> **Exercise brief**
Of the lines in the data below, write out exactly those from the one holding "de México Paulina" through the one holding "Guam: Das US-Militär", both included.
Extracted data Block Start
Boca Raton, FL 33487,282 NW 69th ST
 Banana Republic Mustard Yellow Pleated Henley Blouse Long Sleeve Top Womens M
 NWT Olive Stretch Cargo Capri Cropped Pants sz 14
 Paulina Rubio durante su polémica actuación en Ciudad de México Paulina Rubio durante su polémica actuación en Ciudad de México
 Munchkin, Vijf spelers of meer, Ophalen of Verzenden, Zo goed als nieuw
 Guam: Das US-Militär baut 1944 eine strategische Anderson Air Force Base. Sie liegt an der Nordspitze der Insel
Extracted data Block End
Extracted data Block Start
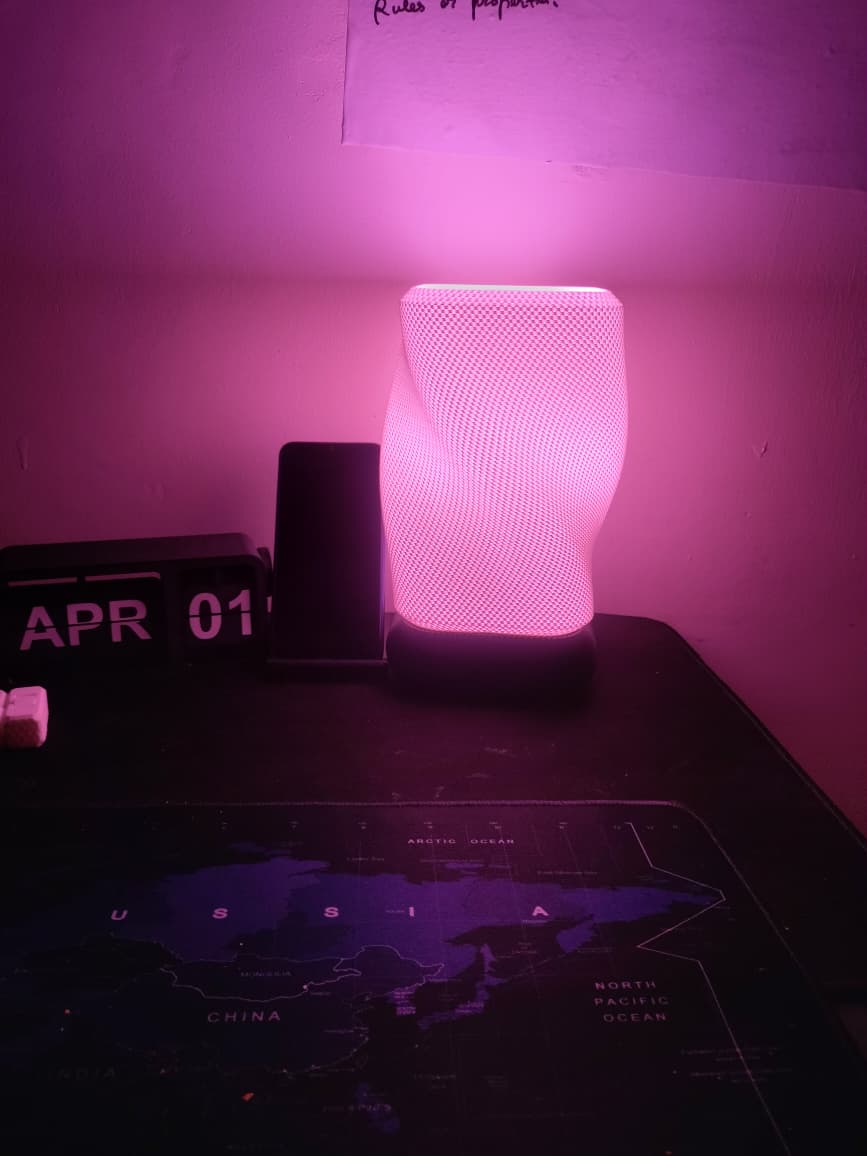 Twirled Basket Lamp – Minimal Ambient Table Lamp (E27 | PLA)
Extracted data Block End
Extracted data Block Start
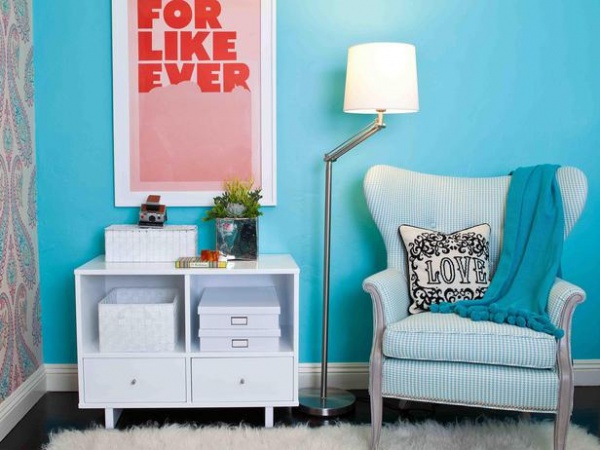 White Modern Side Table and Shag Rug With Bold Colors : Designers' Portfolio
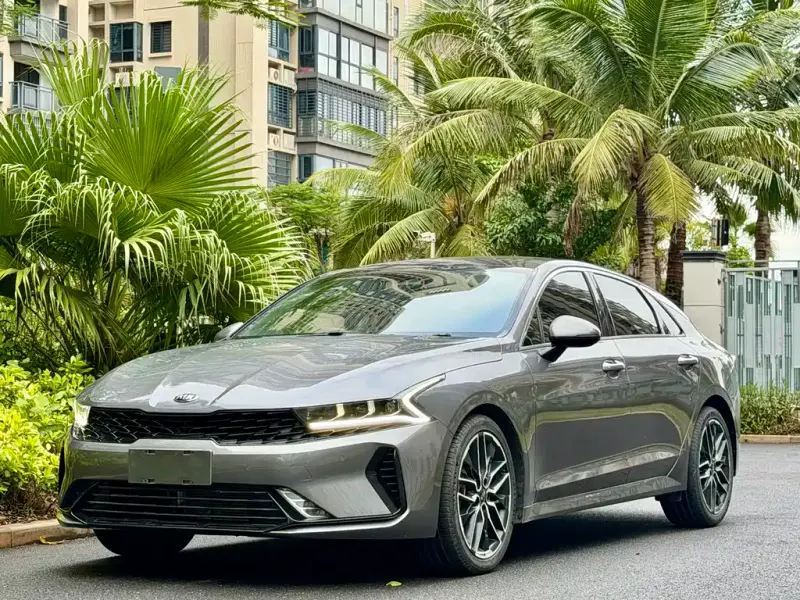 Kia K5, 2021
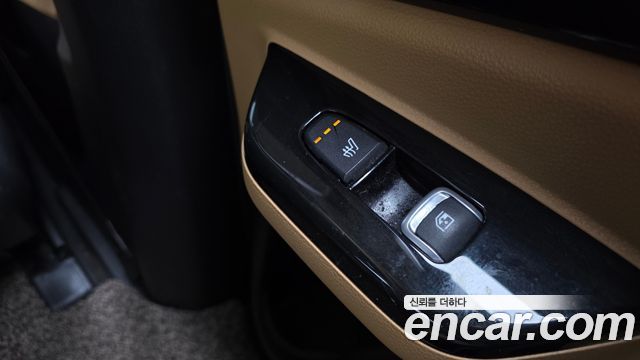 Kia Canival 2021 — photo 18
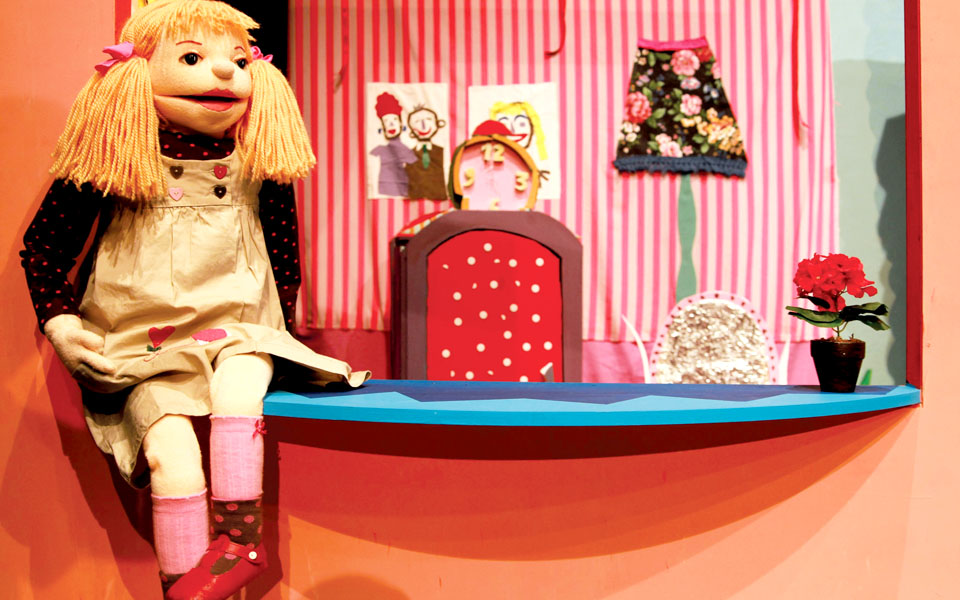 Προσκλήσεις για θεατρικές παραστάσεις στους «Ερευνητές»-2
Extracted data Block End
> **Exercise output**
 Paulina Rubio durante su polémica actuación en Ciudad de México Paulina Rubio durante su polémica actuación en Ciudad de México
 Munchkin, Vijf spelers of meer, Ophalen of Verzenden, Zo goed als nieuw
 Guam: Das US-Militär baut 1944 eine strategische Anderson Air Force Base. Sie liegt an der Nordspitze der Insel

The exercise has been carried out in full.